Your objective >> Everything from the line with "Bird Journey & ECO System Camp" down to the line with "Cuban Trogon Colorful" below must be printed exactly, those two lines included. Exclude pictures.

+ + + + + + +

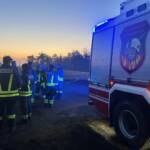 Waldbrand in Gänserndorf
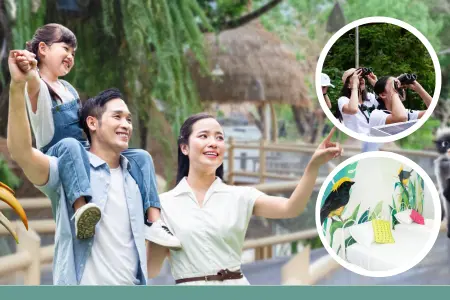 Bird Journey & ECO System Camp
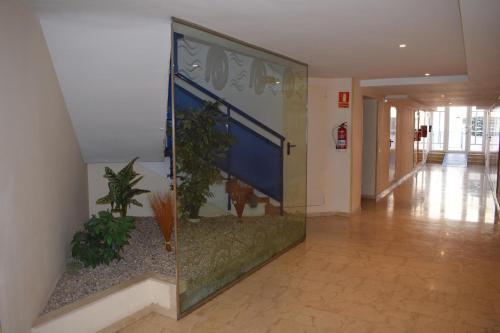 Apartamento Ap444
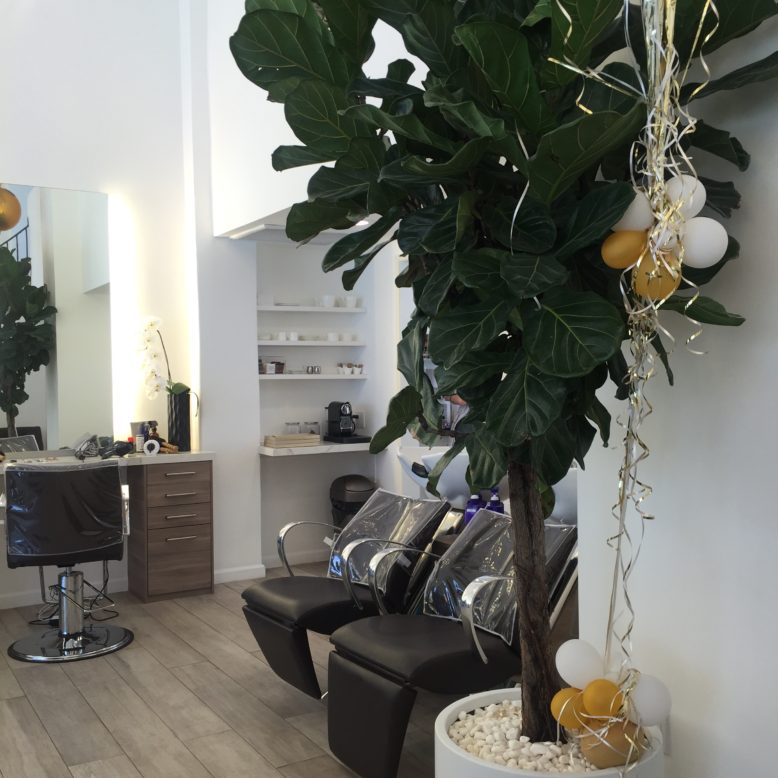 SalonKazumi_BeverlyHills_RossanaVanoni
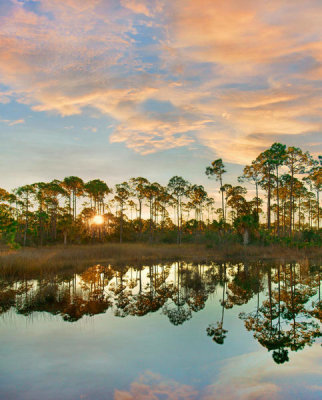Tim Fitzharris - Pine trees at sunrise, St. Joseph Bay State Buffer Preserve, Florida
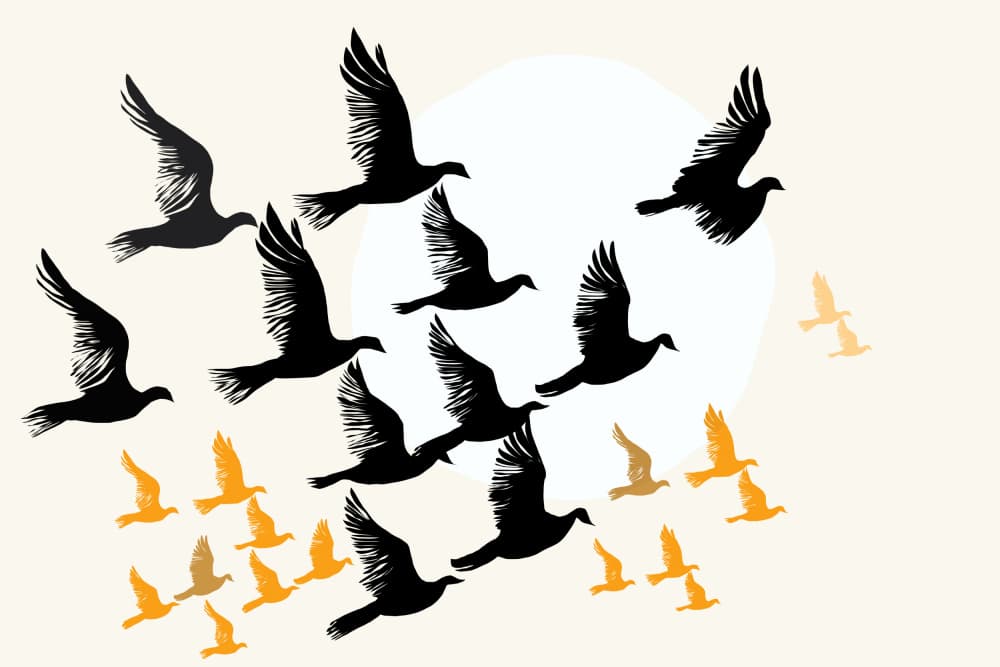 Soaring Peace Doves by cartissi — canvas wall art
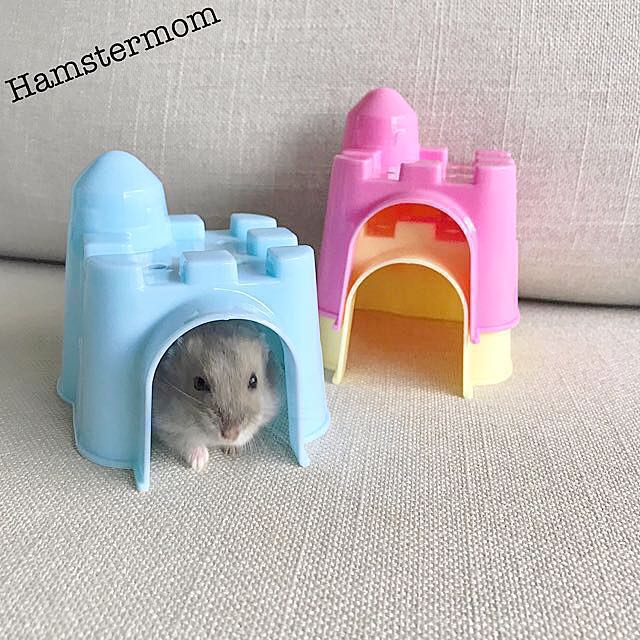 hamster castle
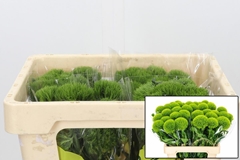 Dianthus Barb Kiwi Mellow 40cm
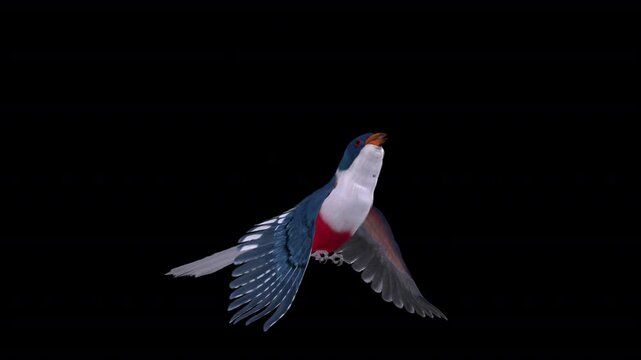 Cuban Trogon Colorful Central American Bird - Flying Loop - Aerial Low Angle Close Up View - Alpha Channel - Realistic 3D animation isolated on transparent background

+ + + + + + +

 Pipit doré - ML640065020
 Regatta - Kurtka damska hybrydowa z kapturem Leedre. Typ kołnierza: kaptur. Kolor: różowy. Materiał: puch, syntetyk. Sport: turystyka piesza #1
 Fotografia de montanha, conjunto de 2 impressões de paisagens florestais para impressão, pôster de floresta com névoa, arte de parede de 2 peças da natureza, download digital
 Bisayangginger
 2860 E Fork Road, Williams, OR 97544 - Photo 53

+ + + + + + +

Exercise response >>
 Bird Journey & ECO System Camp
 Apartamento Ap444
 SalonKazumi_BeverlyHills_RossanaVanoni
Tim Fitzharris - Pine trees at sunrise, St. Joseph Bay State Buffer Preserve, Florida
 Soaring Peace Doves by cartissi — canvas wall art
 hamster castle
 Dianthus Barb Kiwi Mellow 40cm
 Cuban Trogon Colorful Central American Bird - Flying Loop - Aerial Low Angle Close Up View - Alpha Channel - Realistic 3D animation isolated on transparent background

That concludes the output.